The Borgia Map (circa 1430 AD) states, over a dragon-like figure in Asia ... "Here, indeed, are men who have large horns of the length of four feet, and there are even serpents so large, that they could eat an ox whole."

-Wikipedia


When I took my first good long gander at a modern political map of China, I was pretty bummed out to find that it was nowhere demarcated with a "Here Be Dragons" no-fly zone. The map was, in fact, nauseatingly detailed: a great big black-and-green inkblot clogged with unpronounceable megalopoli from one end to the other. There did not appear to be any unexplored, potentially dragon-infested regions of the Middle Kingdom.

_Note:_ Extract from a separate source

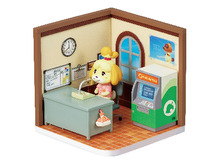 『どうぶつの森』が集めて楽しいフィギュアに！しずえやマスターが働くお部屋など全6種 画像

Indeed, there did not appear to be anywhere at all that wasn't crawling with people.

What struck me next was mainland China's resemblance to a chicken. Minus the legs and feet - I imagine the omnivores of Guangzhou Province devoured them centuries ago. With a side of pickled monkey brains. Still, the likeness is uncanny. China is a chicken. If you take Heilongjiang Province to be the beak - and how could you not? just look at it! - it's a graceful anatomical swoop south through the neck of Hubei, on down along the coastline, which swells into a fulsome, savory breast, upholstered by the luscious tenderloin of Anhui and Jiangxi Provinces.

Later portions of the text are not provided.